We’re pleased to welcome Jerry Oltion back to the pages of Analog. In this blog post, find out how his latest story, “In Your Dreams,” from our [November/December issue, on sale now], was inspired not by scientific discovery, but by a brush with death.
Most of my stories are pure fiction. I get ideas from news articles or scientific discoveries or something incompletely overheard in a restaurant, but the stories that arise from those ideas are totally made up. I don’t base my characters on real people, other than the inevitable aspects of myself that enter the story while I’m trying to decide how the characters will react in certain situations, and I don’t often use specific settings, either.
“In Your Dreams” is different. The wreck that opens the story really happened to me. I was a split-second decision away from death, and so was the woman driving the car that hit me. That night and for a couple of nights afterward I had dreamless sleep. The woman who crashed into me did call me up to see how I was doing, and we did talk about the dreamless nights we were both having. It was spooky.
In real life nothing more came of it, but I kept thinking about possible reasons for dreamless sleep after a near-death experience, and it didn’t take long before I hit upon the multiple universe theory. I had already speculated idly about where dreams come from, and leakage from alternate universes was one of the possibilities I’d considered. This accident seemed to provide a fair amount of credibility to that theory. Certainly enough to explore further, anyway.
It took me a long time—several years—to find the story in it. How could we use the knowledge that dreams are just shared experiences from alternate selves? I considered the obvious, like stock market tips and “composing” music I’d heard in dreams (well, that seemed obvious to me, anyway), but I didn’t see anything exciting about those sorts of things. I needed a human interest.
The woman who crashed into me did call me up to see how I was doing, and we did talk about the dreamless nights we were both having. It was spooky.
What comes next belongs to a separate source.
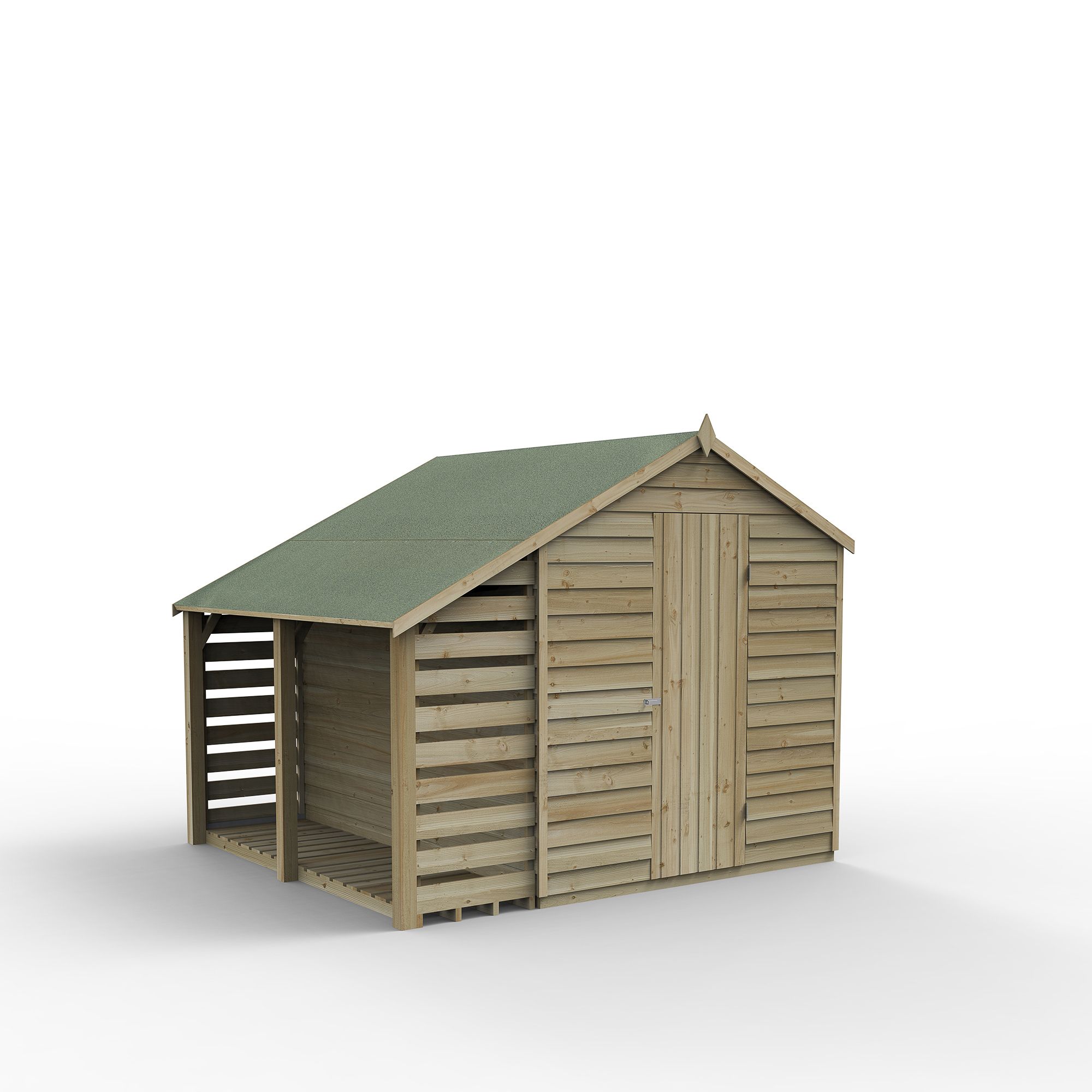 Forest Garden Shed Overlap 8x6 ft Apex Wooden Pressure treated Shed with floor & 2 windows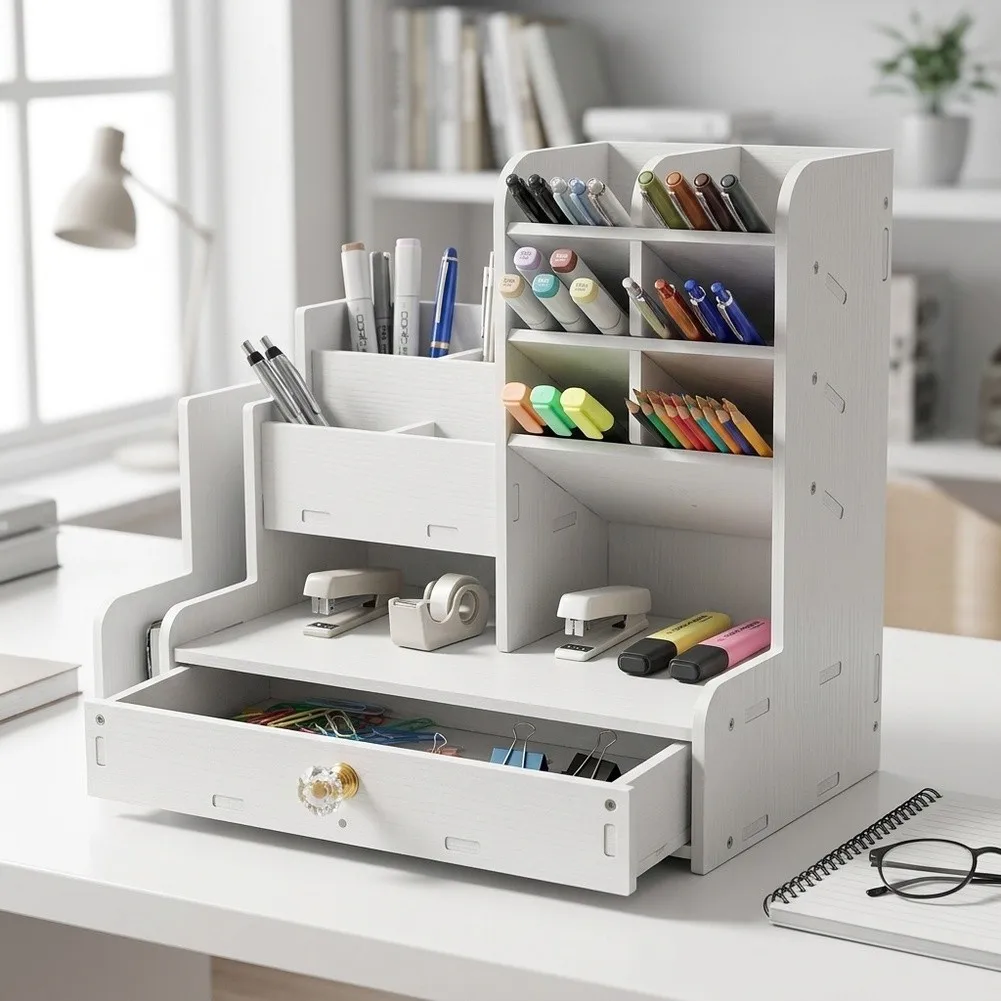 Stable Desktop Stationery Box with Slanted Compartments for Pens Markers Highlighters and Frequently Used Desk Items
Enter the dream researcher. For someone actually studying dreams, the discovery would be a career-changing event. A practical use for it would be the least of their concerns. The simple existence of an ability to communicate with alternate universes would be Nobel prize material. And with that realization would come all the complications and consequences of unbridled ambition.
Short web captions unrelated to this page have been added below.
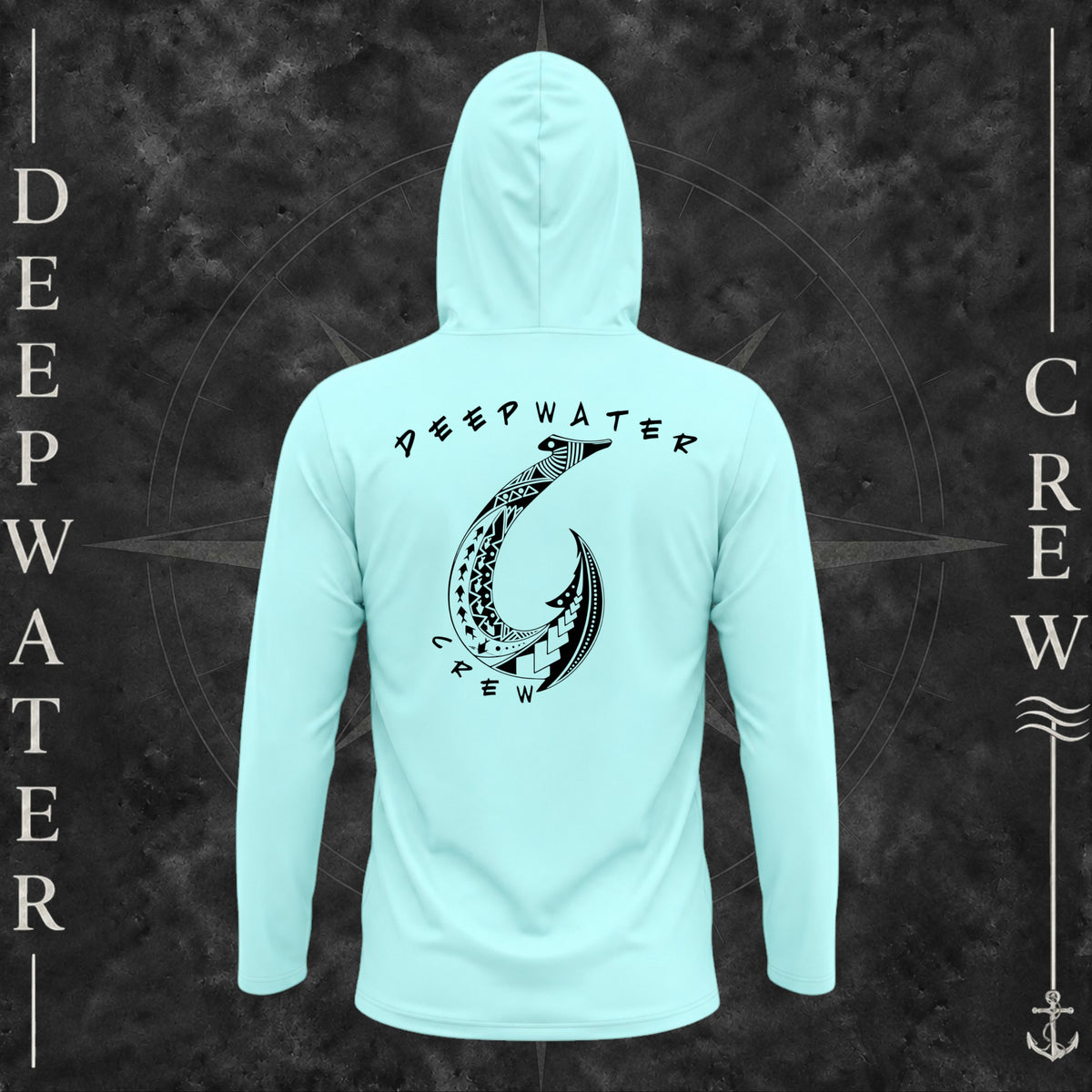 Aqua Blue Deepwater Crew Co. Hooked UPF 50+ performance hoodie, back view with large tribal-style fish hook graphic and Deepwater Crew lettering.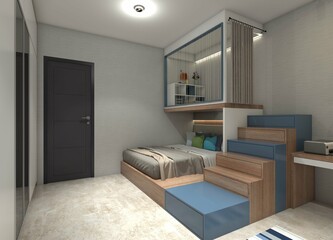 Kids' Bedroom Design with Mezzanine and Staircase Compartment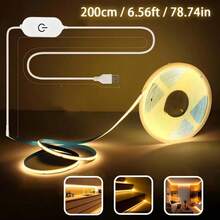 Touch Dimmable COB LED Strip Light USB Flexible Diode Light Strip For Room DIY, TV/Computer Backlight, Wall Decoration Linear Lighting - Warm White - View 7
I wanted my two primary characters to be caught up in events that were almost, but not quite, beyond their control. Like the accident that started everything, I wanted them to be swept along in the inevitable sequence of events. Yet I wanted them to ultimately prevail, to wrest control of their lives back from the brink of chaos.
Then I realized I had to write it both ways. This was an alternate universe story, after all. Anything that can happen will happen. So I took them down the most obvious path, which also seemed to be the most dangerous path for a couple of people in happy marriages. And along the way I had a flashback to a Larry Niven story I read when I was a teenager. In “All the Myriad Ways,” Niven’s characters realize that if multiple universes exist, and every decision they make happens both ways, then decisions don’t matter anymore.
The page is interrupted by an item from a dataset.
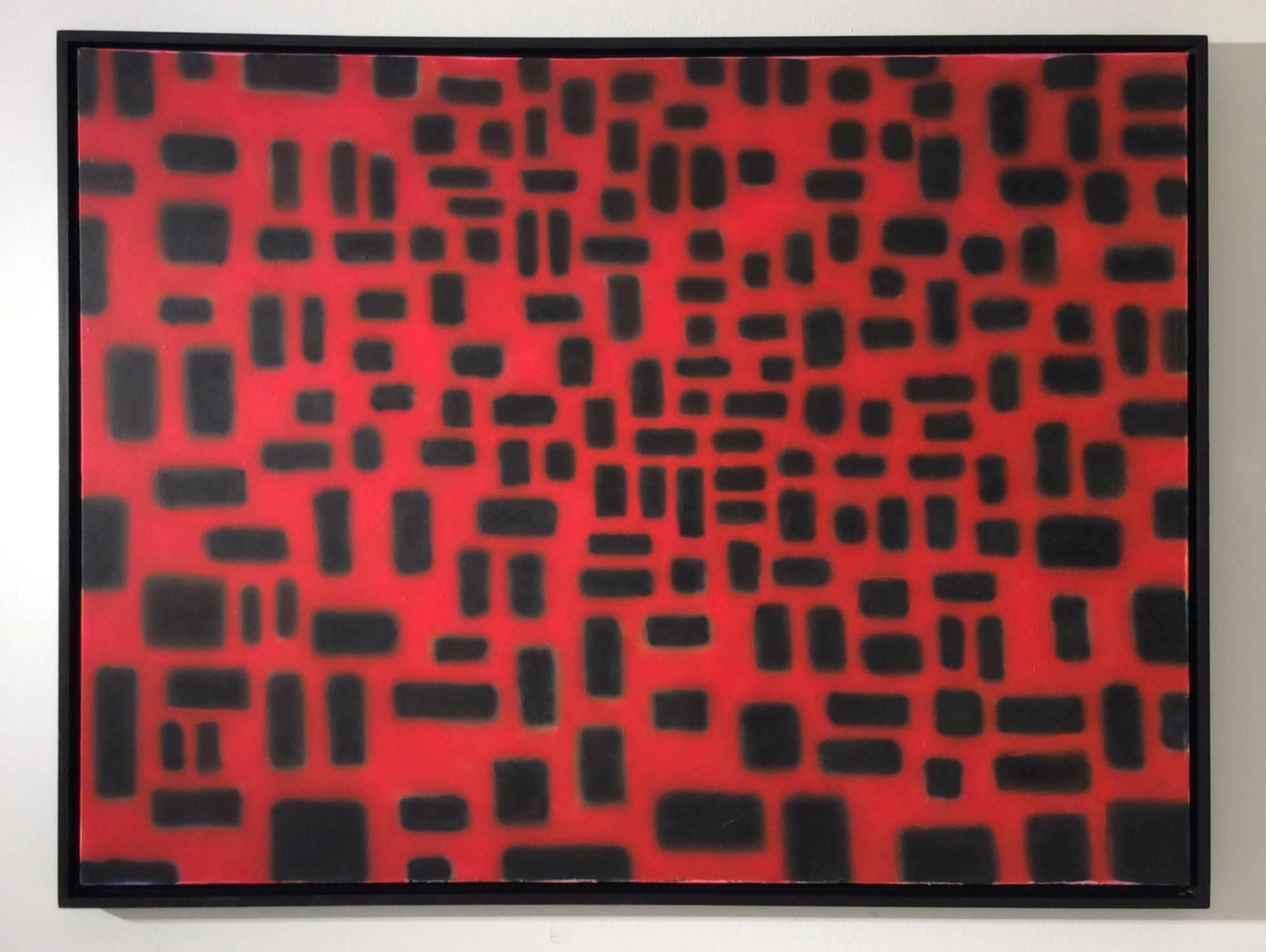 Rote Red Convergence (modernes, abstraktes, geometrisches rot-schwarzes Gemälde in schwarzem Rahmen (Schwarz), Abstract Painting, von Stephen Brophy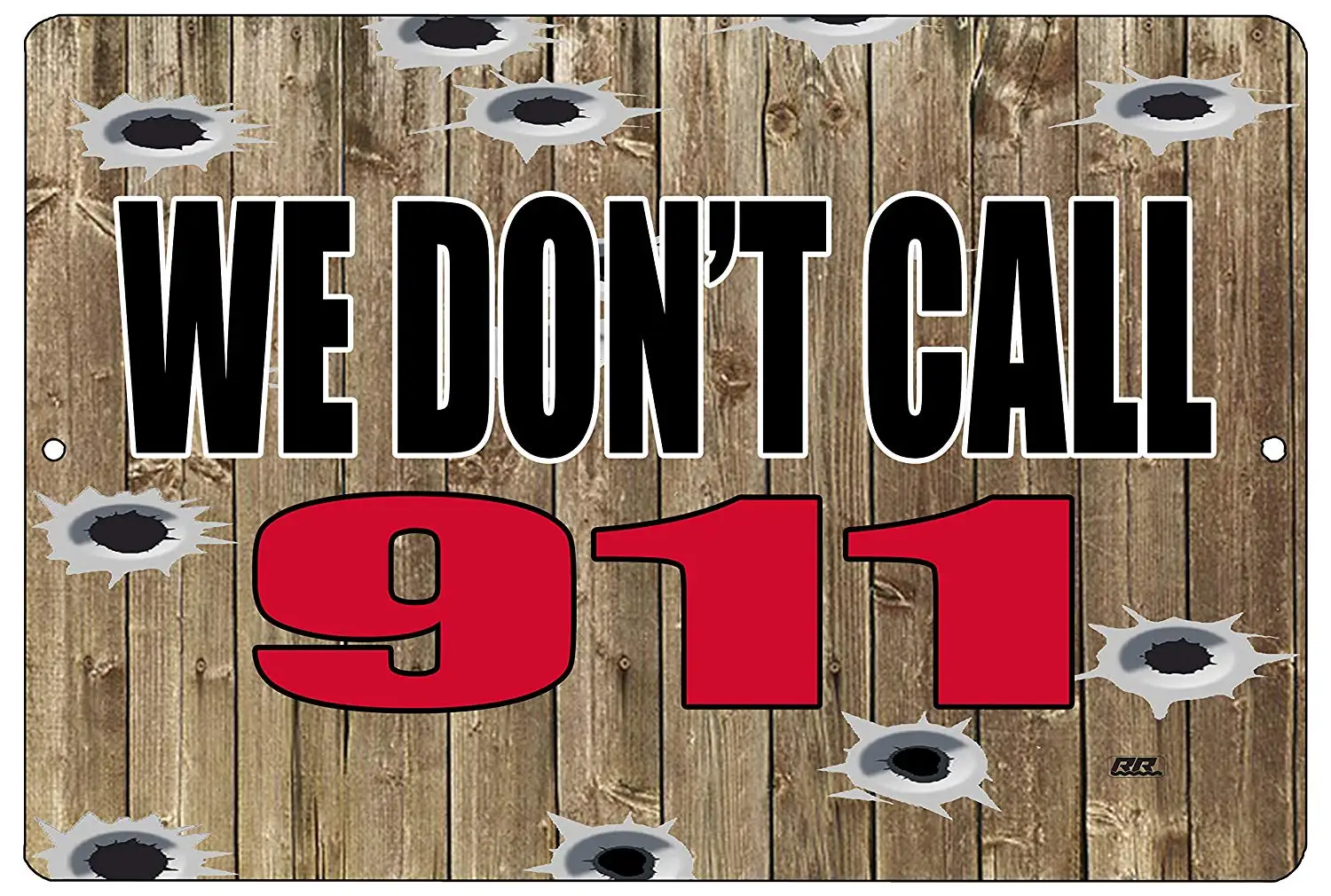 ЗабавПредупреждение знак не нарушающий металлический оловянный мы называем 911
I struggled with that for quite a while. Is that really true? On one level, yeah, sure it is. If you consider the entire multiverse, then nothing matters. But on another level, the level of the inhabitants of a single universe, every decision is important. You’re going to be stuck with the consequences of that decision even if other versions of you aren’t. That means once the euphoria of living as if there are no consequences wears off, you’re going to have to pay the piper.
The story might have become a drug addiction allegory, but I know nothing about drugs, drug culture, or the real urges that make people choose that lifestyle (if indeed it’s even a choice). Ultimately I decided to leave the story somewhat ambiguous, giving the reader the opportunity to choose their own meaning. Given the subject, that seemed fitting.